Pamela Smock

by Susan Rosegrant
July 2010

“Do you believe that there are some people who are complicated and some people who aren’t?”

Pamela Smock, professor of sociology and women’s studies at the University of Michigan and newly appointed director of the Population Studies Center at the Institute for Social Research (ISR), asks the question of an interviewer in all seriousness. But you sense it’s less the topic she’s interested in than in what the answer will reveal about the person she’s talking to. Smock seems to be on a constant quest for knowledge and insight—about the world, about other people, about herself.

And maybe all people aren’t complicated. But Smock is. As a leading expert on the intersection of family with racial/ethnic, economic, and gender inequality, Smock has undertaken groundbreaking research, won awards for teaching, and written prolifically. She is just the second woman to serve as the Pop Studies head at Michigan.

At the same time, Smock, 48, blithely defies the staid, bookish stereotype of an academic. She’s stylish, and has been known to don edgy costumes for Halloween. Her ideal vacation? Smock imagines traveling by yacht from one Greek isle to another, accompanied by close friends, a cook, and a pile of books. And a conversation with Smock is likely to digress into a discussion of favorite ’70s rock bands, true crime novels, and why many of her friends aren’t academics (“I am comfortable with people who have struggled a bit to get where they are, and these folks come from all walks of life.”).

Smock’s open and fearless style may be a logical counterpoint to her chosen specialty—an area of research that delves into people’s more private thoughts and actions. “Family demographers tend to study the events of life and live the events of life and talk openly about the events of life,” says fellow family demographer Bill Axinn, director of ISR’s Survey Research Center. “A thing that Pam and I have in common is we both say whatever we’re thinking.” He grins. “Another thing that Pam and I have in common is that we sometimes scare people.”

From girlhood, Smock has been trying to figure out life—and her role in it—with a gusto that many people bring only to sports and fried food. She devoured books as a kid, particularly novels with strong characters like Francie Nolan in A Tree Grows in Brooklyn, Jo in Little Women, Nancy Drew, Caddie Woodlawn, and Marjorie Morningstar, girls who were “trying to launch a life that is a little bit unusual or independent, or standing alone and taking risks.” She adds: “I loved reading about people who had interesting lives, to imagine what mine might be like.”

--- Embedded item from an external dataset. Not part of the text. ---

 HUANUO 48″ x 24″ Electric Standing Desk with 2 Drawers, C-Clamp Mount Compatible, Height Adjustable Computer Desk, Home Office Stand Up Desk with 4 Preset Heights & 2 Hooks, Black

Smock grew up north of Chicago; her father was in marketing and her mother taught sociology at a small college nearby. Her home life was rich. Smock built model airplanes with her dad, put on plays with her cousins, learned the lyrics to the songs in every musical she saw (which were many, thanks to her father’s love of American musical theater), and went to greyhound races. At the same time, she was a kid who wanted to push the boundaries, envious of peers who “could just go out at night and come back whenever.”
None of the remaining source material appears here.